LTV: Denken Sie, dass der Rechtsanwalt der Zukunft programmieren lernen sollte oder sogar können muss?

Tobias Hei­ning: Das glaube ich tatsächlich nicht. Die juristische Materie wird sicher mit fortschreitender Vernetzung und Globalisierung nicht weniger komplex. Man kann daher meiner Meinung nach nicht davon ausgehen, dass die Rechtsanwältinnen und Rechtsanwälte der Zukunft angesichts dieser Entwicklung überhaupt die Kapazität dafür haben werden, on top auch noch Programmieren zu lernen. Ganz zu schweigen davon, dass es schlicht nicht jedermanns oder -fraus individuellem Skillset entspricht, so etwas zu können oder auch nur zu wollen.
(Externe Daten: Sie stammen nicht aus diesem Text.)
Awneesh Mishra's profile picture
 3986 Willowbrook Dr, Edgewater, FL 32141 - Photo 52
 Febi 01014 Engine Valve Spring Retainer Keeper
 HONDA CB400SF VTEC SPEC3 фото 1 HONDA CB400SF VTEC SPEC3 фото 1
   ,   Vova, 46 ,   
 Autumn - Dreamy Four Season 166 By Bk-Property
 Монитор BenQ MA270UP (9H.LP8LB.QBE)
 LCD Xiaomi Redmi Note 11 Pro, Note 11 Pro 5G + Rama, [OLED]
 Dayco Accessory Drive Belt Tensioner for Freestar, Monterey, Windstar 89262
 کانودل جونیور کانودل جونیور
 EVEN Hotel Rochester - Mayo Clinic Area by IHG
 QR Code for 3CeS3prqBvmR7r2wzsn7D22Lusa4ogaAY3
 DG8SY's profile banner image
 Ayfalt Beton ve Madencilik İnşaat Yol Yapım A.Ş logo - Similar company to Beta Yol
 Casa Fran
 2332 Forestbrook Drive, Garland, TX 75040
Wenn wir aber davon ausgehen, dass auch in Zukunft noch viele hochqualifiziert Juristinnen und Juristen gebraucht werden, dann würde eine solche Voraussetzung den Pool möglicher menschlicher Ressourcen in diesem Bereich drastisch reduzieren. Das können wir uns wohl kaum leisten. Ein Grundverständnis für die Funktionsweise, den Aufbau und die Limitierungen von Softwarelösungen und von Codes wäre allerdings sicherlich hilfreich. Darüber hinaus würde ich erwarten, dass in absehbarer Zeit Lösungen entwickelt werden, die es den Rechtsanwältinnen und Rechtsanwälten der Zukunft ermöglichen, ihrer Kernarbeit nachzugehen, während im Hintergrund des Arbeitsprozesses das Coding quasi mitläuft. Ein sinnhafter Ansatz wäre für mich grundsätzlich eher, auf Komplexitätsreduktion statt auf Komplexitätserhöhung zu setzen.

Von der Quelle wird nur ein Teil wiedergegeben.